RECORDS FOR THE TASK ::

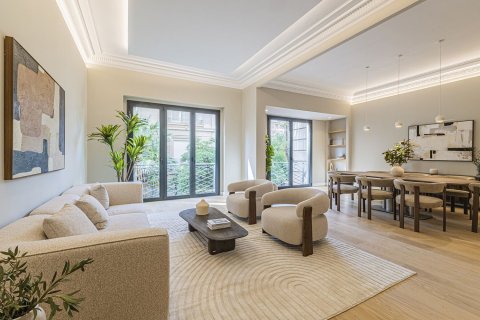5 bedrooms apartment for sale in Barcelona, Catalonia, Spain № 7284 - photo 30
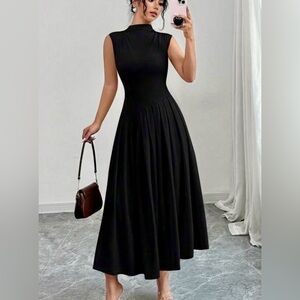 Elena’s Women’s Flared Sleeveless Black Dress Size Medium with high stetch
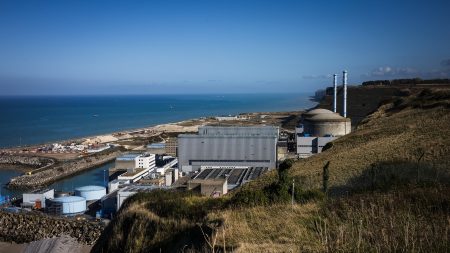 Nucléaire : la signature du contrat de filière acte la construction de six nouveaux réacteurs EPR2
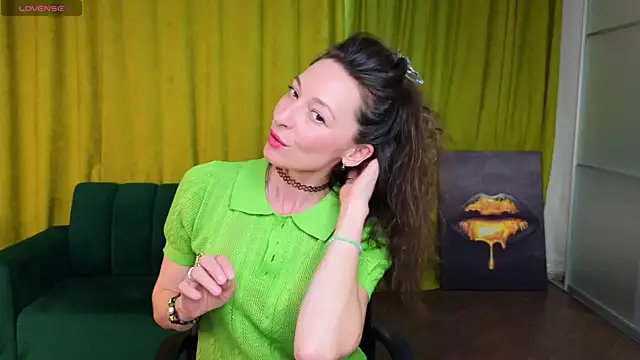 Kate Millersi online show from July 30, 11:44 am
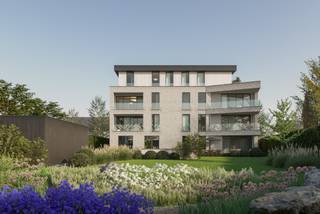 Nieuwbouwappartementen in hartje Ravels. Wonen in de dorpskern nabij alle voorzieningen én voor de natuurliefhebbers: vlakbij de prachtige Staatsbossen. <br /><br />Hier bouwt men een stijlvol nieuwbouwproject met appartementen van 102 tot 132 m². Huren kan vanaf €1.000 per maand (excl. servicekosten).<br /><br />Knappe architectuur met een kwalitatieve afwerking, duurzame materialen en véél lichtinval. De appartementen worden gebouwd volgens de hedendaagse energienormen. <br /><br />De gemeenschappelijke parktuin biedt bewoners een groene omgeving om zich te ontspannen met een goed boek of gewoon tot rust te komen. Het onderhoud is volledig in handen van een tuinman, zodat u zorgeloos kan genieten, zonder verplichtingen van een eigen tuin.<br /><br />Een thuis die niet alleen praktisch, maar ook gewoon écht mooi is.<br /><br />Wat mag je verwachten?<br />- 1 of 2 slaapkamers<br />- Aangename terrassen van 11 m² tot 21 m²<br />- Volledig opgeschilderd<br />- Energiezuinige technieken zoals vloerverwarming én -koeling, warmtepomp en zonnepanelen.<br />- Een ondergrondse staanplaats (inbegrepen in de huurprijs!), bereikbaar via een autolift<br />- Gemeenschappelijke fietsenberging.<br />- Gemeenschappelijke parktuin<br />- Servicekosten: 125 € per maand<br /><br />Timing? De oplevering is voorzien mei - juni 2026. Alles nog in opbouw dus, maar dat geeft jou de kans om je toekomstige thuis nu al veilig te stellen.<br /><br />Maak gerust een afspraak op kantoor via de rode knop 'bezoek inplannen'. Dan bekijken we of er een appartement tussen zit dat helemaal bij je past.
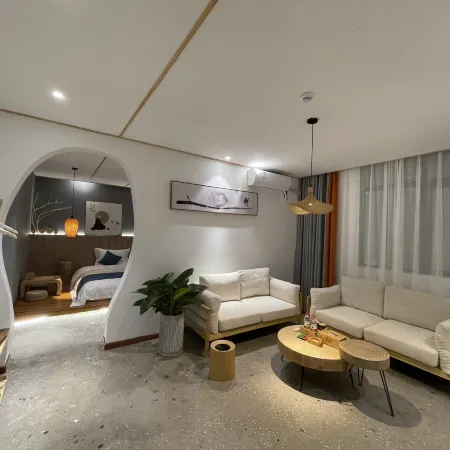 Ruyuan Huaqianxun Boutique Business Hotel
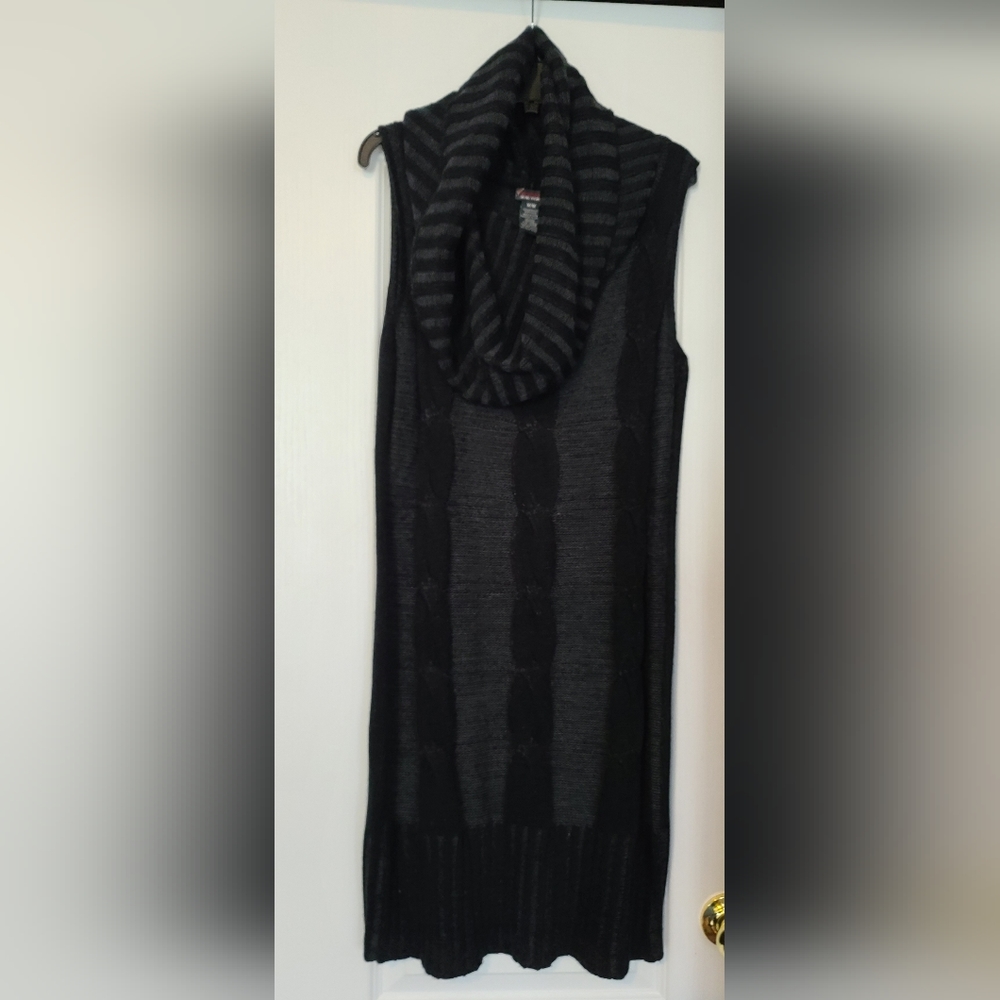 Sleeveless sweater dress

EXERCISE ::
Set out the material once more, exact in every line, with no images.

EXERCISE ANSWER ::
5 bedrooms apartment for sale in Barcelona, Catalonia, Spain № 7284 - photo 30
 Elena’s Women’s Flared Sleeveless Black Dress Size Medium with high stetch
 Nucléaire : la signature du contrat de filière acte la construction de six nouveaux réacteurs EPR2
 Kate Millersi online show from July 30, 11:44 am
 Nieuwbouwappartementen in hartje Ravels. Wonen in de dorpskern nabij alle voorzieningen én voor de natuurliefhebbers: vlakbij de prachtige Staatsbossen. <br /><br />Hier bouwt men een stijlvol nieuwbouwproject met appartementen van 102 tot 132 m². Huren kan vanaf €1.000 per maand (excl. servicekosten).<br /><br />Knappe architectuur met een kwalitatieve afwerking, duurzame materialen en véél lichtinval. De appartementen worden gebouwd volgens de hedendaagse energienormen. <br /><br />De gemeenschappelijke parktuin biedt bewoners een groene omgeving om zich te ontspannen met een goed boek of gewoon tot rust te komen. Het onderhoud is volledig in handen van een tuinman, zodat u zorgeloos kan genieten, zonder verplichtingen van een eigen tuin.<br /><br />Een thuis die niet alleen praktisch, maar ook gewoon écht mooi is.<br /><br />Wat mag je verwachten?<br />- 1 of 2 slaapkamers<br />- Aangename terrassen van 11 m² tot 21 m²<br />- Volledig opgeschilderd<br />- Energiezuinige technieken zoals vloerverwarming én -koeling, warmtepomp en zonnepanelen.<br />- Een ondergrondse staanplaats (inbegrepen in de huurprijs!), bereikbaar via een autolift<br />- Gemeenschappelijke fietsenberging.<br />- Gemeenschappelijke parktuin<br />- Servicekosten: 125 € per maand<br /><br />Timing? De oplevering is voorzien mei - juni 2026. Alles nog in opbouw dus, maar dat geeft jou de kans om je toekomstige thuis nu al veilig te stellen.<br /><br />Maak gerust een afspraak op kantoor via de rode knop 'bezoek inplannen'. Dan bekijken we of er een appartement tussen zit dat helemaal bij je past.
 Ruyuan Huaqianxun Boutique Business Hotel
 Sleeveless sweater dress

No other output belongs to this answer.